What is required:
Copy out exactly the lines below that run from the one holding "Simple rose pastel wedding cake" to the one holding "Girls Mommy And Me Bow Back Ruffle Dress", keeping both of those lines and no others.

[Dataset excerpts]
============================================================

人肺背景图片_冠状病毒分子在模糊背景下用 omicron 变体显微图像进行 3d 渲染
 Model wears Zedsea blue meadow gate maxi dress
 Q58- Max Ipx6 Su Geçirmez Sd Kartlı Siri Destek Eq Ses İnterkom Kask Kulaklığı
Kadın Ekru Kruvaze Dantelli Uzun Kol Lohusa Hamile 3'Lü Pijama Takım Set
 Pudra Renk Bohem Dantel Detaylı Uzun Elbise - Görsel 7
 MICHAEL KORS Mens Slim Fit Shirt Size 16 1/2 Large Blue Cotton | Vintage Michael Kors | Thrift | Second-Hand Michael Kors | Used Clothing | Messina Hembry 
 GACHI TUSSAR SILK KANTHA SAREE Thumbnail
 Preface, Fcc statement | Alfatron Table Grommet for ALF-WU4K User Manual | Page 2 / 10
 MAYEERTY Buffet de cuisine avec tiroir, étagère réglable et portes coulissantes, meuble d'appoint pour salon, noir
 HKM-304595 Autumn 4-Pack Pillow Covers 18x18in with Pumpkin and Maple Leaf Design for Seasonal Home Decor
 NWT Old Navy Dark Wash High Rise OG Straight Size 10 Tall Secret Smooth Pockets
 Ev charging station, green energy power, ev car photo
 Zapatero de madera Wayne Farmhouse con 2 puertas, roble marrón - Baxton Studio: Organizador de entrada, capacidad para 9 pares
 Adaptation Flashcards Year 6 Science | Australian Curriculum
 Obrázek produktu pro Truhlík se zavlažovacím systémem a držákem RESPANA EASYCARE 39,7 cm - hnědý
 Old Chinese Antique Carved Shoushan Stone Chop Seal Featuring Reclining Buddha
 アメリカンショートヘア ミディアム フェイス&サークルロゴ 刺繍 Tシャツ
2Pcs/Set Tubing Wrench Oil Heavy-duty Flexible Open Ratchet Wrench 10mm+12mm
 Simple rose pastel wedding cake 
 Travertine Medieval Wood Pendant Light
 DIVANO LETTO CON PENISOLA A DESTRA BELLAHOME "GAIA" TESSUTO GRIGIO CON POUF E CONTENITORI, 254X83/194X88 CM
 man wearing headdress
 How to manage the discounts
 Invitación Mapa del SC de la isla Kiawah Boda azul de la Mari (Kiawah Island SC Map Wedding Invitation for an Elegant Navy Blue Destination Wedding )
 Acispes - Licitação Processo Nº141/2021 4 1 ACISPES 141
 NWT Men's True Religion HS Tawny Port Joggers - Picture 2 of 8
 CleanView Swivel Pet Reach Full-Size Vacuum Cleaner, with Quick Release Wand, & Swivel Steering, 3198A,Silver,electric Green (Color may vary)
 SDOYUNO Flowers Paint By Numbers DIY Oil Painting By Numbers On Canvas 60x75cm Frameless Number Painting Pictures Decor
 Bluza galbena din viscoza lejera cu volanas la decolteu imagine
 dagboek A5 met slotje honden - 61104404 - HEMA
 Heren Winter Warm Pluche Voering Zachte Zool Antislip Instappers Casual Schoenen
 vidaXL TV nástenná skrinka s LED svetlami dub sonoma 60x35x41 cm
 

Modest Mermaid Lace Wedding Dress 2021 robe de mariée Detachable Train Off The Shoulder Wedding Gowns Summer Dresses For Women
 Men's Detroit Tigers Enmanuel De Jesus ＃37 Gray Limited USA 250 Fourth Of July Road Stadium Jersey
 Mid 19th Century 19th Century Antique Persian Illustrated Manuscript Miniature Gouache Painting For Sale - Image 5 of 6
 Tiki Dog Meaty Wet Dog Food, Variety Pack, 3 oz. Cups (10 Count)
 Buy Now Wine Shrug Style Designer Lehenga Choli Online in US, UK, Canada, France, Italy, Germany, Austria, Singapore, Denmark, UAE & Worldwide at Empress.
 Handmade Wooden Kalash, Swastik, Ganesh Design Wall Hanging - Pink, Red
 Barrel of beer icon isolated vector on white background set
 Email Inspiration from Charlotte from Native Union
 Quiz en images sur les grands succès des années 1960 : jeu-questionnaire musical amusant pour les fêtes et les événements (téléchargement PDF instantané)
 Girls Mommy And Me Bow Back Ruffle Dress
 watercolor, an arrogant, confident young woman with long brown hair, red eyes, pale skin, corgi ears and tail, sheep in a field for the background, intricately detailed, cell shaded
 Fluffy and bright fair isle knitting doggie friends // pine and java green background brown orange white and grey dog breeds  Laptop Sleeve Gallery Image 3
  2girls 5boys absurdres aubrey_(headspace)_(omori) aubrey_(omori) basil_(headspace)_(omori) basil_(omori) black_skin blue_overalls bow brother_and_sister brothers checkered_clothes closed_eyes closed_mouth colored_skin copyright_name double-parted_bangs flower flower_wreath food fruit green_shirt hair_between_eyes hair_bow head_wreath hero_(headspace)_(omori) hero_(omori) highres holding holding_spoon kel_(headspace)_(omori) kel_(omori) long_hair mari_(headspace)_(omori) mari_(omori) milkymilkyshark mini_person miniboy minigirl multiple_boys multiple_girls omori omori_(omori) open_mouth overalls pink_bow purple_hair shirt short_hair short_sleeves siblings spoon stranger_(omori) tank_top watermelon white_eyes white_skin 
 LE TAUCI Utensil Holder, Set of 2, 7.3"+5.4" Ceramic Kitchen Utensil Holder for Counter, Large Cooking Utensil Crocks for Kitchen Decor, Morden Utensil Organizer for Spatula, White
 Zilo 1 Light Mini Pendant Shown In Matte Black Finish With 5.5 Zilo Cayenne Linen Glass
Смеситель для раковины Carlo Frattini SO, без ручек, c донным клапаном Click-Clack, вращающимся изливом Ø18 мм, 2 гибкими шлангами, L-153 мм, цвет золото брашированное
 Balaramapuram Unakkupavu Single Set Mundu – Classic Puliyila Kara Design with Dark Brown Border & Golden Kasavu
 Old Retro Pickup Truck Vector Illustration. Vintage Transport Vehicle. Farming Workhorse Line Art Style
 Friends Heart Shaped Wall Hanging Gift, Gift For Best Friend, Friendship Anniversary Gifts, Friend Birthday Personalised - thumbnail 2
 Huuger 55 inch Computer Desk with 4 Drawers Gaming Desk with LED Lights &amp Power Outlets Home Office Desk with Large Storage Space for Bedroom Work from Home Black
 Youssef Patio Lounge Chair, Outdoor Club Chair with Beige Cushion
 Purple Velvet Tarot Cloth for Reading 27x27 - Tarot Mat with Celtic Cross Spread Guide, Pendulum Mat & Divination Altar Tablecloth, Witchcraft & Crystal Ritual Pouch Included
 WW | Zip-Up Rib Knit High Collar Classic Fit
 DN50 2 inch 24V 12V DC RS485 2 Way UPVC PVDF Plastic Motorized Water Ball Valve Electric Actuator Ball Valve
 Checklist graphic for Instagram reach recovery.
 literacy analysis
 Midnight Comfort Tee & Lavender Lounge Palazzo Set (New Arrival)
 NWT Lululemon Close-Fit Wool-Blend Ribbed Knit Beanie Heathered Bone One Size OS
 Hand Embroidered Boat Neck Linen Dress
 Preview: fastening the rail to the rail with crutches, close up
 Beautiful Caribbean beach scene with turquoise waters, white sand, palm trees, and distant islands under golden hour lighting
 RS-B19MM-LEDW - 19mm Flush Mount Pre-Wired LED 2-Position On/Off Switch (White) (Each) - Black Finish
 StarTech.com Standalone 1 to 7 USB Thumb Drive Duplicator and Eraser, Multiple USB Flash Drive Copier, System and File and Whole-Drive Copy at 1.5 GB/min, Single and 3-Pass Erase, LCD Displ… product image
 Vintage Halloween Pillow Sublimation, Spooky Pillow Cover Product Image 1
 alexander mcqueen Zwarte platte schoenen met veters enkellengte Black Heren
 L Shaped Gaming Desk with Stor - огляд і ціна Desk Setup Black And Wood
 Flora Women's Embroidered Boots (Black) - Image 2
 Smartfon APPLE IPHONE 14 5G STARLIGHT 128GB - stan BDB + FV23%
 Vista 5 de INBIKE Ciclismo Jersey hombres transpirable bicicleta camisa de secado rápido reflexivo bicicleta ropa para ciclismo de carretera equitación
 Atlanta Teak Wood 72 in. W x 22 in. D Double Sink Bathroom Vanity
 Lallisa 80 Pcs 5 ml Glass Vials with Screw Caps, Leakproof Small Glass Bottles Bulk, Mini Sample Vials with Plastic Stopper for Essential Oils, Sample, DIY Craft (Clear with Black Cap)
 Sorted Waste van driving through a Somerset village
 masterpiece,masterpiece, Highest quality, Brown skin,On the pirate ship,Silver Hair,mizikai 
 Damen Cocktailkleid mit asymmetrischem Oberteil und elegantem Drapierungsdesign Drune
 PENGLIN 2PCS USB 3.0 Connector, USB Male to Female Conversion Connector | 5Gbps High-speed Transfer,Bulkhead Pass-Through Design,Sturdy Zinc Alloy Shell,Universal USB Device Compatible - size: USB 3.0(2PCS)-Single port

============================================================

Answer to this exercise:
 Simple rose pastel wedding cake 
 Travertine Medieval Wood Pendant Light
 DIVANO LETTO CON PENISOLA A DESTRA BELLAHOME "GAIA" TESSUTO GRIGIO CON POUF E CONTENITORI, 254X83/194X88 CM
 man wearing headdress
 How to manage the discounts
 Invitación Mapa del SC de la isla Kiawah Boda azul de la Mari (Kiawah Island SC Map Wedding Invitation for an Elegant Navy Blue Destination Wedding )
 Acispes - Licitação Processo Nº141/2021 4 1 ACISPES 141
 NWT Men's True Religion HS Tawny Port Joggers - Picture 2 of 8
 CleanView Swivel Pet Reach Full-Size Vacuum Cleaner, with Quick Release Wand, & Swivel Steering, 3198A,Silver,electric Green (Color may vary)
 SDOYUNO Flowers Paint By Numbers DIY Oil Painting By Numbers On Canvas 60x75cm Frameless Number Painting Pictures Decor
 Bluza galbena din viscoza lejera cu volanas la decolteu imagine
 dagboek A5 met slotje honden - 61104404 - HEMA
 Heren Winter Warm Pluche Voering Zachte Zool Antislip Instappers Casual Schoenen
 vidaXL TV nástenná skrinka s LED svetlami dub sonoma 60x35x41 cm
 

Modest Mermaid Lace Wedding Dress 2021 robe de mariée Detachable Train Off The Shoulder Wedding Gowns Summer Dresses For Women
 Men's Detroit Tigers Enmanuel De Jesus ＃37 Gray Limited USA 250 Fourth Of July Road Stadium Jersey
 Mid 19th Century 19th Century Antique Persian Illustrated Manuscript Miniature Gouache Painting For Sale - Image 5 of 6
 Tiki Dog Meaty Wet Dog Food, Variety Pack, 3 oz. Cups (10 Count)
 Buy Now Wine Shrug Style Designer Lehenga Choli Online in US, UK, Canada, France, Italy, Germany, Austria, Singapore, Denmark, UAE & Worldwide at Empress.
 Handmade Wooden Kalash, Swastik, Ganesh Design Wall Hanging - Pink, Red
 Barrel of beer icon isolated vector on white background set
 Email Inspiration from Charlotte from Native Union
 Quiz en images sur les grands succès des années 1960 : jeu-questionnaire musical amusant pour les fêtes et les événements (téléchargement PDF instantané)
 Girls Mommy And Me Bow Back Ruffle Dress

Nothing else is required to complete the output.